Billie Gillespie

Personal information
- Full name: William Jardine Gillespie
- Date of birth: 2 October 1873
- Place of birth: Glasgow, Scotland
- Date of death: 1942 (aged 67–68)
- Place of death: United States
- Position: Centre forward

Senior career*
- Years: Team / Apps / (Gls)
- Strathclyde
- 1895–1897: Lincoln City / 37 / (16)
- 1897–1905: Manchester City / 218 / (126)

= Billie Gillespie =

Scottish footballer

William Jardine Gillespie (2 October 1873 – 1942) was a Scottish footballer who played as a centre forward for Lincoln City and Manchester City. Gillespie is tied alongside Fred Tilson as Man City's ninth highest goalscorer of all time.

==Career==
Gillespie was born in Bridgeton, Glasgow on 2 October 1873. He began his football career playing for his local team Strathclyde. In 1895 he signed for Lincoln City who were then in the Second Division of the English Football League, playing alongside his elder brother Matt. Billie scored an eventual 16 goals in 37 games for the imps.

===Manchester City===
In January 1897 Gillespie signed for Manchester City who were also in the second tier of English football. He formed an effective partnership with the Welsh outside right Billy Meredith. He scored his first goal for City in a 3–1 defeat to Darwen. In his first season for the Manchester team he made 11 appearances and scored four times. The team finished sixth in the league, 10 points behind winners Notts County.

In the 1897–98 season Gillespie was City's leading scorer with 18 goals in 30 games, helping the team to third in the second division, nine points behind winners Burnley. In the following season, the 1898–99 football season, he was the club's second leading goalscorer with 17 goals and helped City, who were only defeated twice in the entire season, to earn promotion to the First Division. Billy Meredith was the team's leading goalscorer with 29 goals. With Gillespie's brother Matt having joined Newton Heath, they met on opposite sides in the Manchester derby until City's promotion.
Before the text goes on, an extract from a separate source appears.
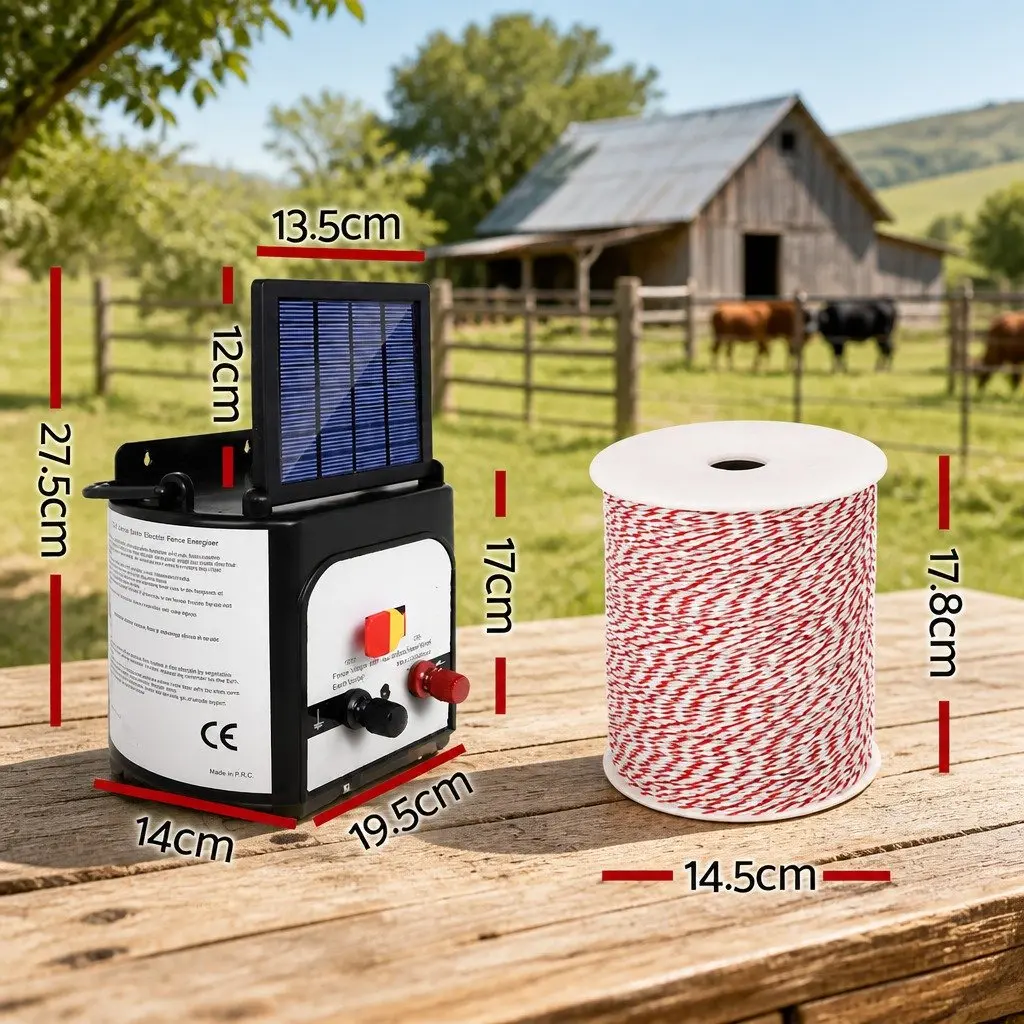 Solar Electric Fence Energiser Red and White 8km Solar-powered Compact System with 500m Polywire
In the 1899–1900 football season Gillespie scored eight goals and was City's third highest goalscorer. The team finished in seventh place that season. Gillespie's first goal in the top tier of English football came in a 4–0 victory over Derby County. In the 1900–01 season Gillespie found his place in the team challenged by Joe Cassidy who was the team's leading goalscorer with 14 goals that season. However Cassidy moved to Middlesbrough after a wage dispute. Gillespie had managed to score nine goals in 23 appearances that season.

In the 1901–02 football season Gillespie was the team's top scorer with 15 goals in 24 games. However, City finished in 18th place with only 28 points and were consigned to the Second Division once more. As a consequence, Sam Ormerod resigned as Manchester City manager and was succeeded by Tom Maley, who strengthened the team by purchasing Billy Lot Jones, Sandy Turnbull and Jimmy Bannister and they immediately earned promotion in the 1902–03 season by winning the Second Division championship. The team scored 95 goals in 34 games that season and Gillespie was the Second Division's top scorer with 30 goals.

In the 1903–04 season, Gillespie was City's top league goalscorer with 18 goals as the team finished in second place in the First Division, three points behind champions Sheffield Wednesday. City had defeated Wednesday 3–0 in the semi-final of that season's FA Cup, with a brace from Sandy Turnbull and one goal from Gillespie. City played Bolton Wanderers in the 1904 FA Cup Final and won 1–0 to win their first major trophy; the only goal of the game was scored by Billy Meredith.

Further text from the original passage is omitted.